What is a cubic equation?

A cubic function is an polynomial of degree 3
- i.e. the highest power of $x$ is 3
A cubic equation can be written in the form
- $a x^{3} + b x^{2} + c x + d = 0$
Solving a cubic equation involves factorising the cubic function first.

How do I factorise a cubic function?

Factorising a cubic (function) combines the factor theorem with the method of polynomial division
The example below shows the steps for factorising a cubic

STEP 1
Use factor theorem.
Find a value $p$ such that $f (p) = 0$ .

STEP 2
Use polynomial division.
Divide $f (x)$ by $(x - p)$ .
(It is possible to do this step 'by inspection', see the worked example below)

STEP 3
Use the result of your division to write $f (x) = (x - p) (a x^{2} + b x + c)$ .

STEP 4
If the quadratic $(a x^{2} + b x + c)$ can be factorised, do so.
$f (x)$ can then be written as the product of three linear factors.
If the quadratic cannot be factorised, then the result from STEP 3 is the final factorisation.

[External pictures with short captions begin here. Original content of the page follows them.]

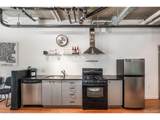 1401 Wewatta St - Photo 6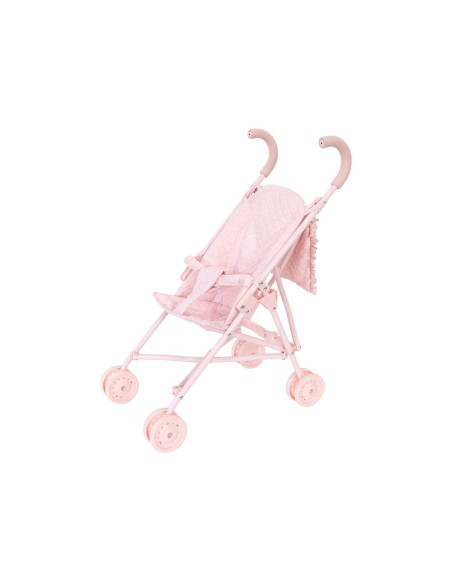 Silleta para Muñecas Daisy
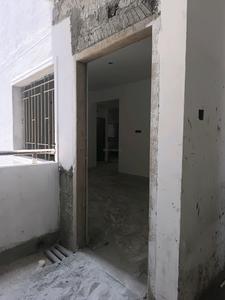 Main Entrance Image of 1366 Sq.ft 2 BHK Apartment / Flat for sale in Udhaya KS Vatika, Electronic City Bengaluru for Rs. 6760000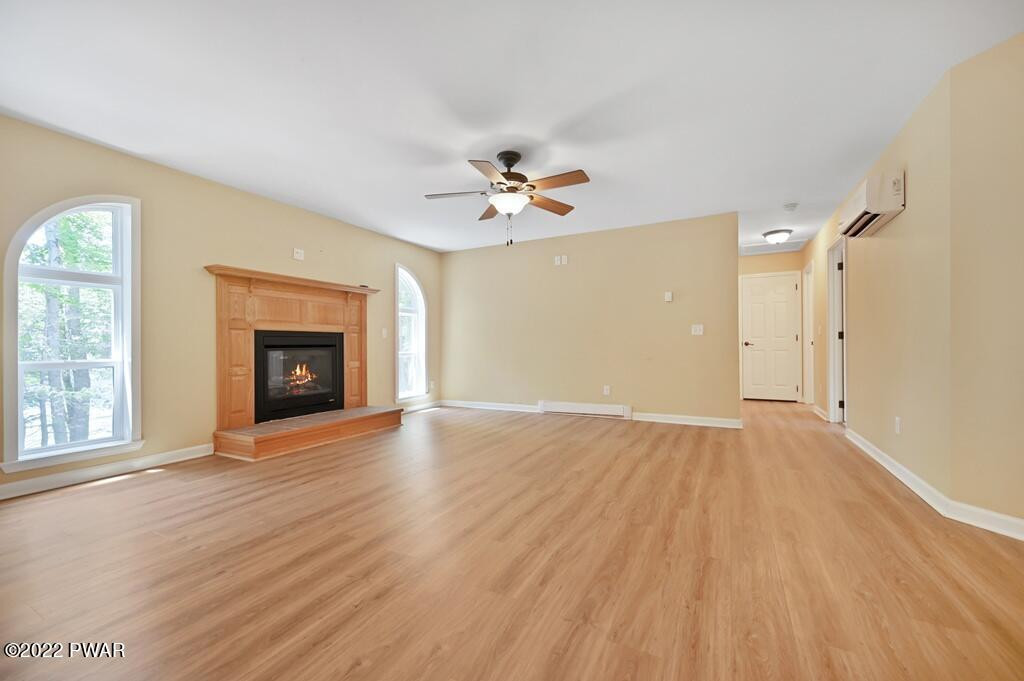 3030 Northgate Road Lake Ariel, PA 18436 - Photo 9 of 92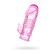 notify_thumb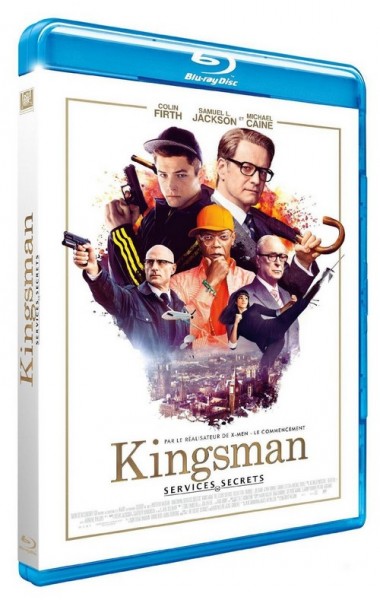 KINGSMAN_BLU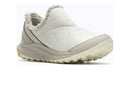 Antora 3 Thermo Moc 28572226027781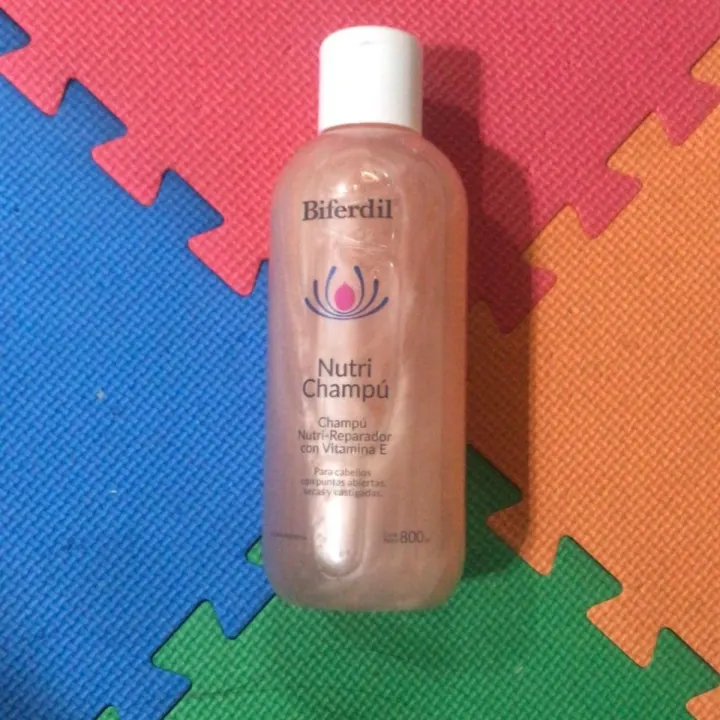 review photo of Aveno Biferdil shared by @arman22 on 15 Mar 2023 - review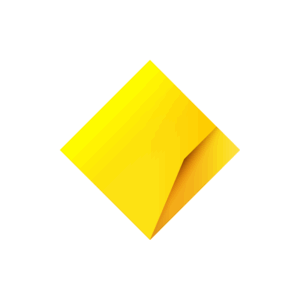 Commonwealth Bank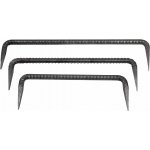 ZBIROVIA 766/350 Kramle zednická 350mm – HobbyKompas.cz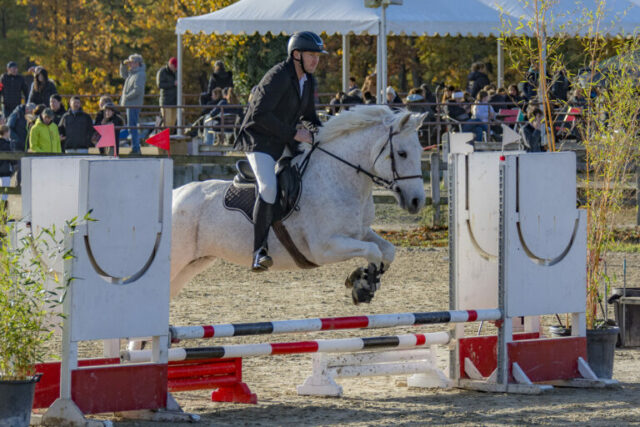 02112025-CSO LeMans-9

How do I solve a cubic equation?

A cubic equation will have either 1, 2 or 3 (real) solutions
- (The cubic function will have either 1, 2 or 3 (real) roots)
Once the cubic function is factorised using the four steps above, there is one more step to carry out

STEP 5 Find the solutions to the cubic equation by making each factor equal to zero

For each linear factor, $(x - p)$
- $x - p = 0$
- so $x = p$ is a solution
- This is the factor theorem!
- For a quadratic factor, $(a x^{2} + b x + c)$
  - $a x^{2} + b x + c = 0$
  - use either the quadratic formula or completing the square (as it won't factorise)
    - this will give two of the solutions to the cubic equation
  - if there are no solutions to the quadratic equation there are no solutions other than that from the linear factor

From the example above,
- $x^{3} + 4 x^{2} - 11 x - 30 = (x + 2) (x + 5) (x - 3)$
- so the solutions to the cubic equation $x^{3} + 4 x^{2} - 11 x - 30 = 0$ are
  - $x = - 2, x = - 5$ and $x = 3$
Cubic equations can have equal (repeated) solutions
- e.g. ${(x - 2)}^{2} (x + 1)$ has two (equal and real) roots, $x = 2$ (repeated) and $x = - 1$
- e.g. ${(2 x - 1)}^{3}$ has three (equal and real) roots, $x = \frac{1}{2}$

Examiner Tips and Tricks

When $d = 0$ (i.e. there is no constant term) then $x$ is a factor of the cubic function, and so $x = 0$ is a solution
- This is a special case of factor theorem, where $f (0) = 0$
  - spotting the factor of $x$ means there is no need to test values
- Take out a factor of $x$ and a quadratic function will remain
- Deal with the quadratic in any of the usual ways

Worked Example

a) Solve the cubic equation $x^{3} - 10 x^{2} + 12 x + 8 = 0$ .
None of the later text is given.